Change was the theme at the Whistler Arts Council (WAC) annual general meeting (AGM), as the organization's executive reported its 2015 activities and spelled out future plans.
"We've gone through a lot of change. This is our 34th year; the arts council was formed in 1982," acting executive director Maureen Douglas told attendees.
"It is a very different organization from where it started... We are proud of the direction we've been able to take, we've worked to be a collaborative leader in arts and culture in this community."
There were 513 members in 2015.
WAC remained a busy, growing supporter of the arts in 2015 as outlined in the annual report.
The Performance Series was in its 28th year in the 2015-2016 season. Fifteen shows, ranging from jazz, classical, children's theatre and CBC's This is That: Live! were presented.
The WAC secured the BC Touring Council's inaugural "Warming up the Act" grant in 2015 to support the engagement of aspiring local performers and musical groups. Three local acts — Blue Phoenix, Ruckus Deluxe and harpist Allison Hunter — opened for visiting performers.
In terms of the recently renamed The Gallery (formerly the Scotia Creek Gallery), 174 artists were featured in 2015, 97 per cent of these numbers being local.
And $12,388 in local art and artisan goods were sold at the Maury Young Arts Centre. And 234 local artists — including musicians and other live performers — were hired over the year, with the annual report noting that 75 per cent of all artists fees in 2015 went to local performers.
At the annual Bizarre Bazaar artisan Christmas market, out of the 130 professional and emerging artisans taking part, 38 vendors were first-time participants and 57 per cent were local.
The new shared-booth option for smaller and emerging artisans was considered a success.
Over 7,000 members of the public attended the two-day event last November.
Twenty-four weekly Made in Whistler winter markets took place in 2015, too.
Volunteers remained essential to WAC operations, with 138 volunteers working 1,673 hours for the arts council in 2015.
Whistler businesses were also important to WAC, with 36 local businesses acting as sponsors and 46 businesses donating value-in-kind to the arts council.
Other aspects of WAC activities explored included the activities of Community Cultural Officer Anne Popma, connections with the Sea to Sky Arts Councils Alliance, awards and bursaries, and community engagement.
WAC treasurer Karen Playfair gave the financial report for the year.
She said cash was down in the Statement of Financial Position — $111,360 in 2015, compared with $225,864.
"Cash is down quite substantially from last year, but that is largely due to timing.
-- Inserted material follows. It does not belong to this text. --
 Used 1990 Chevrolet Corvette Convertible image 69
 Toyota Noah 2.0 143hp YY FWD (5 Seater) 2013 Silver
Accounts receivable is up somewhat, and accounts payable and liabilities are down a little bit," Playfair said, citing changes in cash flow.
The WAC Statement of Operations noted that donations and sponsorships were "up substantially," Playfair added.
"A big chunk of that had to do with the pop-up studio... we had a donation in kind of lease space... and facility rentals is quite a bit higher over last year."
Playfair also drew attention to a slight increase in wages and subcontracts year over year, which was to do with increased fee-for-service funding.
Douglas paid tribute to former WAC executive director Doti Niedermayer, who left the organization in February. Niedermayer was absent but her influence was very much in evidence, not least because there was a life-sized photo of Niedermayer's face at the meeting.
Board members Sue Adams and Keith Bennett stepped down after completing six-year terms. New members acclaimed to the board were Michelle Ratcliffe, Joan Richoz and April Andiel.
Following the AGM, two presentations were made to members about the name change and rebranding of the Whistler Arts Council to Arts Whistler, and an update on the Cultural Grant of $489,500.